わたしは恵みというつえを取って、これを折った。これはわたしがもろもろの民と結んだ契約を、廃するためであった。
11 Böylece antlaşma o gün bozuldu. Beni gözleyen sürünün ezilenleri RAB'bin sözünün yerine geldiğini anladılar.
そしてこれは、その日に廃された。そこで、わたしに目を注いでいた羊の商人らは、これが主の言葉であったことを知った。
12 Onlara, “Uygun görürseniz ücretimi ödeyin, yoksa boş verin” dedim. Onlar da ücret olarak bana otuz gümüş verdiler.
わたしは彼らに向かって、「あなたがたがもし、よいと思うならば、わたしに賃銀を払いなさい。もし、いけなければやめなさい」と言ったので、彼らはわたしの賃銀として、銀三十シケルを量った。
13 RAB bana, “Çömlekçiye at” dedi. Böylece bana biçtikleri yüksek değerin karşılığı olan otuz gümüşü alıp RAB'bin Tapınağı'ndaki çömlekçiye attım.
主はわたしに言われた、「彼らによって、わたしが値積られたその尊い価を、宮のさいせん箱に投げ入れよ」。わたしは銀三十シケルを取って、これを主の宮のさいせん箱に投げ入れた。
14 Sonra Yahuda ile İsrail arasındaki kardeşliği bozmak için “Birlik” adındaki öteki değneğimi kırdım.
そしてわたしは結びという第二のつえを折った。これはユダとイスラエルの間の、兄弟関係を廃するためであった。
15 RAB bana, “Sen yine akılsız bir çoban gibi donat kendini” dedi,
主はわたしに言われた、「おまえはまた愚かな牧者の器を取れ。
16 “Ülkeye öyle bir çoban atayacağım ki, yitiklere bakmayacak, dağılmışları aramayacak, yaralıları iyileştirmeyecek, sağlamları beslemeyecek. Ancak semiz koyunların etini yiyecek, tırnaklarını koparacak.

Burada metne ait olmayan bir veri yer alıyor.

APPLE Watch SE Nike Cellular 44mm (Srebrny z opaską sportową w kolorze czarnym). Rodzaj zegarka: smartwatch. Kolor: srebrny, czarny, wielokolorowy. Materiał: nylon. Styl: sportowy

見よ、わたしは地にひとりの牧者を起す。彼は滅ぼされる者を顧みず、迷える者を尋ねず、傷ついた者をいやさず、健やかな者を養わず、肥えた者の肉を食らい、そのひずめをさえ裂く者である。
17 “Sürüyü terk eden değersiz çobanın vay haline! Kılıç kolunu ve sağ gözünü vursun! Kolu tamamen kurusun, Sağ gözü kör olsun!”
その羊の群れを捨てる愚かな牧者はわざわいだ。どうか、つるぎがその腕を撃ち、その右の目を撃つように。その腕は全く衰え、その右の目は全く見えなくなるように」。